The minuscule Ben, or ‘Rentokil’ as he is more commonly known, runs his own pest control business, which includes the apocryphal story of a rat the size of a small dog and the day he found eight squirrels in a loft around a small table ‘like they were having a meeting’.
Given his height and own dental imprint, it’s often remarked on that he secretly has a squirrel outfit and goes undercover. Ben’s crime this week has been to openly say he’s not interested in playing first-team cricket, despite probably being one of the best players in the club.
This approach does not seem unusual these days and is frowned upon by the draconian selectors because in their day everyone wanted to play first-team cricket, apparently.

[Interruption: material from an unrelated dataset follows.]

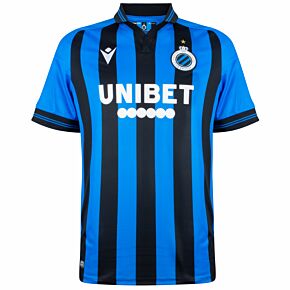22-23 Club Brugge Home Authentic Matchday Shirt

Having played in that era, I know that is just a romantic, rose-tinted notion and quite often there were stories of dragging the gamblers out of William Hill at lunchtime to play in the first team.

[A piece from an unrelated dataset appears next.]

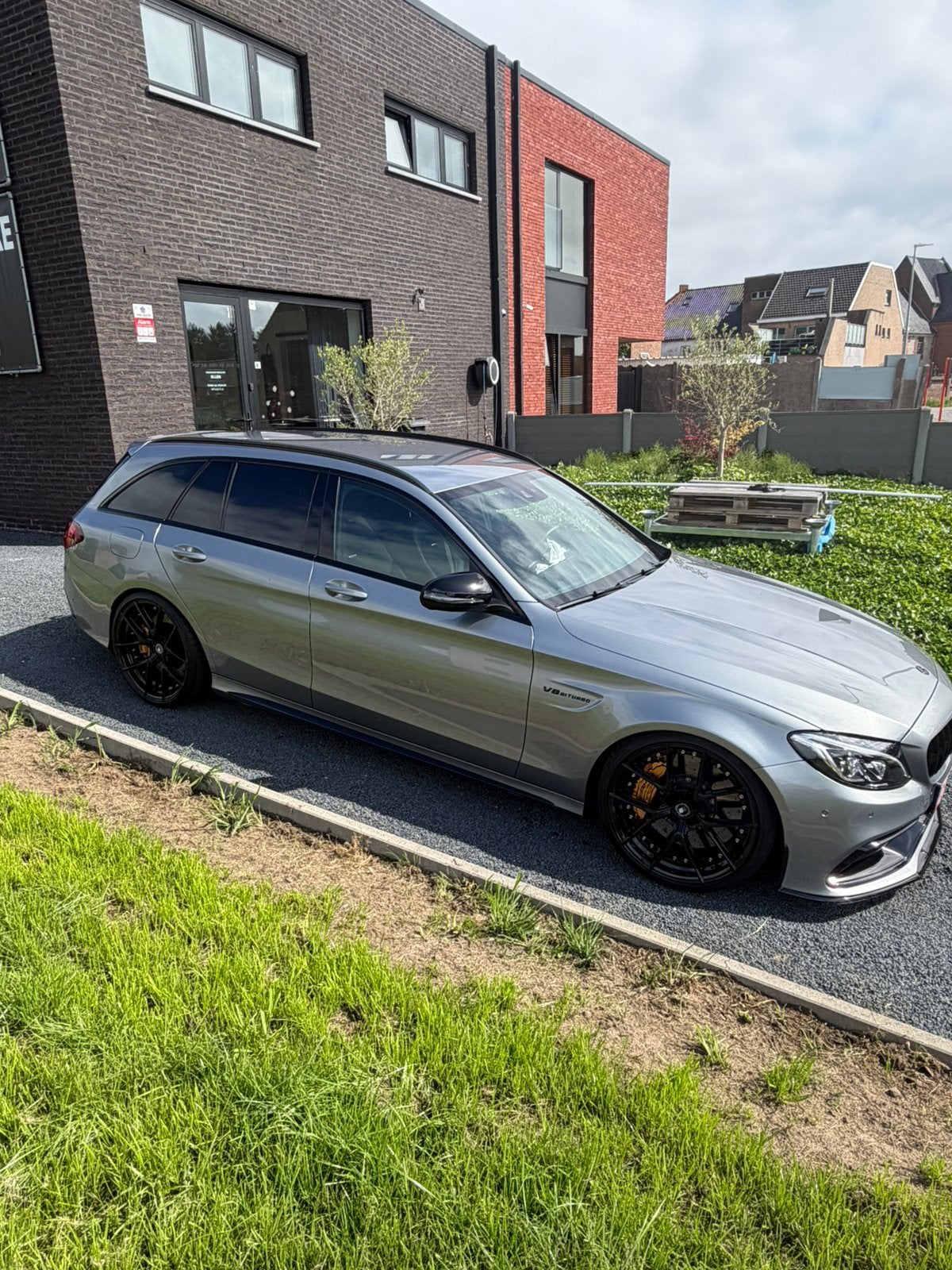 C63 amg, Auto's, Mercedes-Benz, Particulier, C-Klasse, Benzine, Euro 6, Break, 5 deurs, Automaat, Zilver of Grijs, Zwart, Leder en Alcantara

Things have changed but not always for the better.
Last week was interesting from a refuelling perspective. The opposition who previously were renowned for having a fantastic tea, not the best because that title will always be held by Hatherleigh CC, who often had three cold joints on the table with actual vol-au-vents with prawns and dressing from a thousand islands.
All this effort was seemingly done in exchange for a short speech of gratitude from the home captain and a round of applause for the tea ladies.

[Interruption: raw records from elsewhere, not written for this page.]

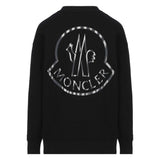 Moncler Womens 8G00031809KX 999 Sweatshirt Black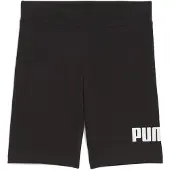 Puma Leggings 'Ess No. 1' zwart / wit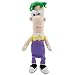 Disney Ferb Plush Mini Bean Bag Toy -- 10''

They were the type of ladies who can only be described as formidable, engendering respect and no little fear from even the most dysfunctional colt.
On one occasion, after one of our more mischievous youths was caught red handed throwing carrot cake that had been lovingly made, he was robustly ‘clothes-lined’ as he nonchalantly exited the tea room.
In those golden days, no one even remarked on it, other than to casually underpin a learning opportunity to the miscreant.
Our team is, in part, a reflection of society with different ages and experiences. We now have a woman cricketer, Evie. She puts the fear of God into the opposition, merely for the fact that they don’t want to get out to her.
There seems to be a high level of respect for female cricketers and her introduction to the team has been tentative to say the least. The recent report by Cindy Butts, the chair of the Independent Commission for Equity in Cricket found there to be racism, sexism and classism in the game.
It couldn’t be further from the truth in our team and Evie soon settled in with a comment about the 5ft 3 in Ben, saying that she recently saw him in M&S shopping for baby clothes to go out in.
This broke any ice and now Ben is pretending to be upset on grounds of bring vertically challenged and marginalised/oppressed. They say cricket mirrors life and it’s certainly true in this case.
On the field, we seem to be fighting above our weight or, it’s been said, meeting teams who have yet to have their full allocation of students return from university.
Parity will be restored when this happens and we will undoubtedly plummet like a stone before winning our last game of the season to evade the trapdoor. We don’t have any students, so this is as good as it gets for us.
Availability is always an issue and some players have different priorities. There are those that plan their weddings with cricket in mind and holiday out of season and those that don’t. The two will always clash and this week has been no different.
One of our key all-rounders has chosen to spend time with his partner because he’s played every week so far ‘and it’s only fair’.
The selection committee are far from happy.